April 7, 2026
Q-Day or Hype-Day? You decide
Cloudflare targets 2029 for full post-quantum security
Cloudflare says “quantum‑safe by 2029” as commenters yell war, hype, and “so what”
TLDR: Cloudflare aims to make the Internet fully quantum‑safe by 2029, citing fresh warnings that today’s locks could fall fast. Commenters split between doomsday urgency, “it’s just hype,” and “call me when something’s actually broken,” turning a security roadmap into a full‑blown culture clash over fear, facts, and marketing.
Cloudflare just punched the gas on its quantum plan, pledging to lock down the whole stack—encryption and the trickier part, logins—by 2029. Why the rush? The company points to Google hinting it has a new way to crack today’s locks (elliptic curve crypto) and a lab called Oratomic saying a future machine might only need around 10,000 qubits to bust popular keys. Translation for non‑nerds: some very smart people think a big “Q‑Day” could arrive this decade, when quantum computers can open the safes that protect the Internet.

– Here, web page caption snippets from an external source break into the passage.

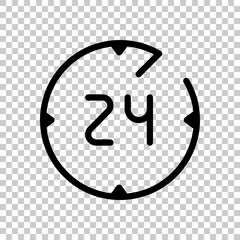 Service icon, call center 24, linear outline design. Black symbol on transparent background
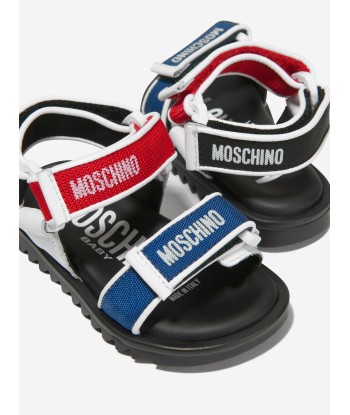 Moschino Boys Triple Strap Logo Print Sandals Vous souhaitez 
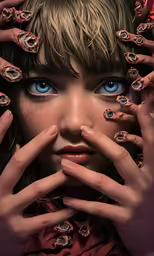 an artisticly painted woman with many nail art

But the comments? Pure fireworks. One camp went full geopolitical: “The secrecy is the tell—global powers are gearing up for war.” Another rolled their eyes: “And that changes what?” Several asked the party‑pooper question: Is this still just theory or has anything actually been cracked? A big chorus painted this as the next hype bubble after AI, warning we’re about to be flooded with “quantum‑wash” marketing. And, of course, someone dropped a shameless plug for a “Which site is quantum‑safe?” checker, complete with a link.
The drama centers on priorities: Cloudflare says encrypting traffic was step one; fixing authentication is the real boss battle. Meanwhile, Google and IBM hints have everyone reading tea leaves: urgency or theater? The mood swings from “sound the alarms” to “wake me when a bank gets popped.” If the Internet’s locks are changing, the crowd can’t agree whether it’s a fire drill—or a fireworks show.
Key Points
- •Cloudflare targets 2029 to achieve full post-quantum security, including authentication, accelerating its roadmap due to recent developments.

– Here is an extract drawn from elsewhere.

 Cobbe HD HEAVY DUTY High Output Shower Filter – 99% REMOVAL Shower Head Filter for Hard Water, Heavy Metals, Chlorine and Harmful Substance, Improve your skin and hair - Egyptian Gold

- •The company previously enabled post-quantum encryption for all websites and APIs in 2022 and reports over 65% of human traffic to its network is PQ-encrypted.
- •The article states Google announced a drastic improvement to a quantum algorithm for breaking ECC and provided a zero-knowledge proof without disclosing details.
- •Oratomic published resource estimates suggesting P-256 could be broken with about 10,000 qubits on a neutral atom computer; RSA-2048 was also assessed.
- •Following these reports, Google moved its PQ migration target to 2029 and emphasized quantum-secure authentication; IBM Quantum Safe’s CTO cautioned about possible “moonshot attacks” by 2029.